Adam had been showing signs of busting out recently, scoring his first goal in 14 games last week. The 21-year-old thought he could’ve scored three or four goals Friday.
“It’s been building,” Rolston said about Adam’s confidence. “He’s getting more opportunities.”
Adam got results last season with Portland, compiling 29 goals and 62 points in only 57 contests. The forward figured he’d regain that soft touch again in the minors.
“Yeah, I mean, I had success at this level in the AHL last year,” Adam said. “It’s not all about goals. It’s not all about points. I definitely want to help this team.”
Then, in the same breath, Adam said, “I definitely want to score goals. I definitely want to get points.”
When injuries created an opening-night roster spot, Adam seized his early opportunities with the Sabres. He had four goals and 11 points in the first 11 games, mostly centering wingers Jason Pominville and Thomas Vanek. He still kept a strong pace after the trio broke up.
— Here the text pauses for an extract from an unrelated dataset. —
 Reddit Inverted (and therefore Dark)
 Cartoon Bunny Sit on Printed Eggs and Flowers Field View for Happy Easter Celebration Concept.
He scored his 10th goal and 20th point in his 32nd game Dec. 17 in Pittsburgh, and then hit a wall, enduring 20 straight pointless contests.
What the heck happened?
“I don’t know. I mean, it’s a fine line,” Adam said. “The team started losing some games. Obviously, the season didn’t go the way they wanted up there this year.”
Sabres coach Lindy Ruff had said Adam wasn’t generating many scoring chances during his hot streak; he was simply finishing the ones he got.
Despite being a healthy scratch twice and experiencing the long drought, the demotion caught Adam off guard.
“It was real disappointing,” Adam said. “I didn’t see it coming at all. When it happened, unfortunately I was a little shocked. But it’s how you handle it.”
Rolston said Adam has handled it well, never pouting.
“He’s been great,” Rolston said. “His attitude has been outstanding with us. He’s worked really hard, his after-practice work. He’s on the bench talking. He’s been a really good teammate. … He’s playing a good team game right now. So we’re really happy with that progress.”
Still, Adam’s not scoring much.
“I think he’s trying to be too fine in terms of his shooting,” Rolston said. “I think he’s missing the net a lot, maybe trying to pick a spot. At this level compared to the NHL, I think just getting it on net is the key.”
Ruff said Adam would decide how quickly he came back up. Instead, Marcus Foligno and Corey Tropp bypassed him for recalls.
Adam has started playing left wing again recently, a spot he played occasionally with the Sabres. Their dearth of scoring centers helped Adam crack the NHL. But the Sabres have shifted Tyler Ennis to the middle fulltime and also acquired Cody Hodgson since Adam went down.
His future could be as a winger. Right now, though, Adam just wants to think about the current season, one he helped extend.
“I don’t like looking forward,” Adam said. “I don’t want to look toward next season already. But at the same time, there’s no alternative opinion in my mind that I want to play in the NHL next year.”